But Christmas continued serenely in the valley of the Hudson and the island of Manhattan. A decade after the Washingtons’ sombre service at Cambridge, Christmas Midnight Mass at Old St. Peter’s on Barclay Street was the first public act of Catholic worship in a decent building in the history of the city. Built at the expense of the King of Spain, Carlos III (founder of California and Los Angeles, whose intervention in the revolution alongside his cousin, Louis XVI made rebel victory possible), it marked the entry of the city’s nascent Catholic population into the Christmas festivities already engaged in by the Dutch Reformed, Anglican, Methodist, Lutheran, and other churches. Unfortunately, 21 years later, an anti-Catholic mob initially attempted to disrupt the Midnight Mass but were persuaded to disperse. They returned the following day to harass the Christmas Day Mass-goers; but this time, the mostly Irish congregation were prepared and armed. The result was the Christmas riots of 1806.
But if the nastier side of Manhattan had been made clear by that unpleasant event, New York’s underlying geniality would come to the fore three years later, with the publication of Washington Irving’s Dietrich Knickerbocker’s History of New York. This satirical sendup of the Dutch settlement included Irving’s above paean to St. Nicholas; belonging to an Episcopalian family in New York, he loved the holiday. When Irving went to Great Britain, he was befriended by Sir Walter Scott, who spearheaded the revival of interest in things medieval – including Christmas – (there is a direct line from Sir Walter to the Oxford Movement). His newfound friend, sharing his love of the feast, sent him on to another friend of his, Abraham Bracebridge, of Aston Hall, near Birmingham. Irving spent the holidays there, and immortalised them in the “Old Christmas” sections of The Sketch Book, wherein he also introduced the public to Rip Van Winkle and the Headless Horseman. A young man named Charles Dickens fell in love with Irving’s work, wrote his own Yuletide tales – and Christmas in the Anglosphere never looked back.

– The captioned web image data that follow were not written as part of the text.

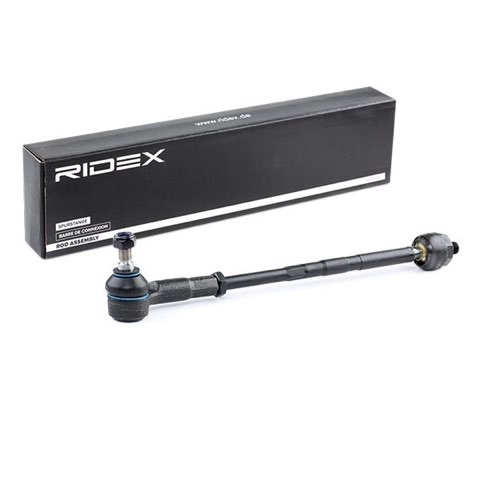 Ridex 284R0171 Track Rod Assembly, photo 3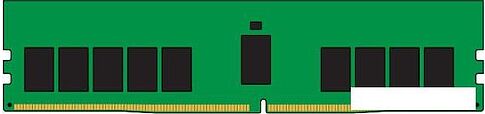 Оперативная память Kingston 16GB DDR4 PC4-25600 KSM32RS4/16HDR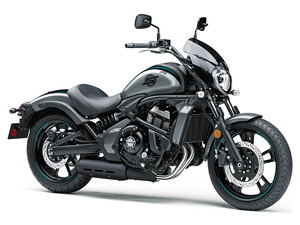 Disponibles Ahora: Motocicletas Vulcans S Cafes (ABS) 2025 Nuevas en Stock - Product Image 3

But Irving returned to New York, and established his home at Sunnyside, to-day a museum honouring the man and his work. Not too surprisingly, there is a lavish Victorian Christmas celebration there every year. Given that he spent the last years of his life removing all the anti-Catholic references from later editions of his earlier work, Irving might be very happy that the Washington Irving Memorial Episcopal Church in Sleepy Hollow is now the Catholic Church of the Immaculate Conception – a refuge of the Latin Mass.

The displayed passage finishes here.